Here's my sad little fry tank. I really dont wanna dump them. Can u tell?! 


























oh- and no wisecracks about the heater! lol :lol:

would it be dumb to move just the biggest male into my big tank? The dad fish is so pretty. 









my brother says to dump em, just spend the $$ to get a breeding pair of something and go from there. There are so many "rainbow" - lookin' fish. Which, in your opinion, are the prettiest, most profitable, most wanted ones to breed of this appearance? does that make sense? :?


----------



## cichlidaholic (Dec 7, 2005)

A hybrid results from two different species breeding. Many times they are "unidentifiable", but many times they also pass as a pure species, which is even worse, IMO.

As cichlid enthusiasts, most of us like to keep the species pure.

Try doing a search here for "hybrids" and read through some of the posts. I think this would help to clarify things a bit for you!


----------



## Dave (Feb 9, 2003)

A hybrid is the cross between two fish from different Genera, species, subspecies, or even variants/collection points.
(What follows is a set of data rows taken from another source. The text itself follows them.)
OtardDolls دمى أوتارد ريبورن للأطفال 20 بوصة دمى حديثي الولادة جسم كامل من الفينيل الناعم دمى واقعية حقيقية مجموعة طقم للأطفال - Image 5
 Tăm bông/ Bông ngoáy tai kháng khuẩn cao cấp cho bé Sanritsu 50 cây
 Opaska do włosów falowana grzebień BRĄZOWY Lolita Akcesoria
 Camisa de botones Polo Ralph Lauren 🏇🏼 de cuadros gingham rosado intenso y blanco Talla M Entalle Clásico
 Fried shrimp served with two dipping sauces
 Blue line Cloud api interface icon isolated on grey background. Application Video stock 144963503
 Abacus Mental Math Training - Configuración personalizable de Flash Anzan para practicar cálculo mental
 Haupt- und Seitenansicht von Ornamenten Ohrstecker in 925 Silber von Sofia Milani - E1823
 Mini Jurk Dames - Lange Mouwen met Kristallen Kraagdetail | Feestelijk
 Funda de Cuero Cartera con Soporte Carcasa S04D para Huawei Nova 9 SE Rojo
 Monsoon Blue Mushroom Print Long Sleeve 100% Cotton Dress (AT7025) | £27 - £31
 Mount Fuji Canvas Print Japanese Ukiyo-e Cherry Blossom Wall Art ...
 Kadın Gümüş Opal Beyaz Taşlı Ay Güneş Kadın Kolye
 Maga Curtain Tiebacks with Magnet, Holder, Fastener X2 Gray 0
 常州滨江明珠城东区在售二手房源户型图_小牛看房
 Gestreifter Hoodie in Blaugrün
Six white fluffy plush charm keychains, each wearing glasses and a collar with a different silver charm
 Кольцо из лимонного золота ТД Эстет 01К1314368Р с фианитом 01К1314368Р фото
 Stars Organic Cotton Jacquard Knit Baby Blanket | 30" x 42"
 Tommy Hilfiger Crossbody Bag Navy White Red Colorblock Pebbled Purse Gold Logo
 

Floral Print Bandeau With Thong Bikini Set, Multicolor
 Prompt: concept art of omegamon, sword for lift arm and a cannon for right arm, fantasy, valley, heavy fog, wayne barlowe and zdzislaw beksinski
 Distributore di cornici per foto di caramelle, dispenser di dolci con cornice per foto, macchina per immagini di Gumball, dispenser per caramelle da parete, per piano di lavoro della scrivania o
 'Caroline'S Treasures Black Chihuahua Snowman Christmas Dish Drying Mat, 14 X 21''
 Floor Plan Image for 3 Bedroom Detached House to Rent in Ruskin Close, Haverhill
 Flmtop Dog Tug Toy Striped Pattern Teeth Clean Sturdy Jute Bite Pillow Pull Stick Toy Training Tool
If you do not know what your fish are it does not make them hybrids, but you should never distribute fish if you are not certain that they are pure. Victorians have probably suffered the most from hybridization in the hobby, so dumping your fish at a pet store, labeled as hybrids or not, is not doing the rest of us any favors.


----------



## beachtan (Sep 25, 2008)

This sucks bad. I'm so disappointed that I didnt get a true breed or whatever you call it. The dad fish has better colors than I've seen defined in any book or online gallery. Too bad. Woulda looked good in my tank.


----------



## beachtan (Sep 25, 2008)

and no - I wont pass them on at all. I've read a bunch about hybrids tonight and I totally get it. -its a bad thing. I'd be pissed if I bought pure fish and 2 broods later got some weird lookin' fish! I guess mine will be feeders cuz theres no way I'm chopping their heads off as someone suggested to me!!  I'm depressed.


----------



## cichlidaholic (Dec 7, 2005)

One of the first two cichlids I purchased was a hybrid, so I know how you feel. :roll:


----------



## Dewdrop (Nov 20, 2007)

You could keep the fry if you want. Let them grow out and see if any turn out as pretty as the dad. The father is a gorgeous fish...if that really is their father. You just shouldn't breed them to pass on to others or pass those on to others. There isn't anything wrong with having hybrids in your tank if you choose to have them. It's just that letting them get away from you is what people have a problem with :wink: .


----------



## beachtan (Sep 25, 2008)

yeah, true.


----------



## alexrex20 (Aug 26, 2005)

simply breeding different variants of the same sub/species does not make the offspring a hybrid. if that were the case, a cross between a labrador retriever and a poodle would no longer be a dog. :roll: it is a cross, not a hybrid.


----------



## Dewdrop (Nov 20, 2007)

ahhhhhh :wink:


----------



## beachtan (Sep 25, 2008)

Hmm... now I'm more confused. Please define:

Crossbreed:

Hybrid:

both are considered "bad & undesirable", not for resale. right?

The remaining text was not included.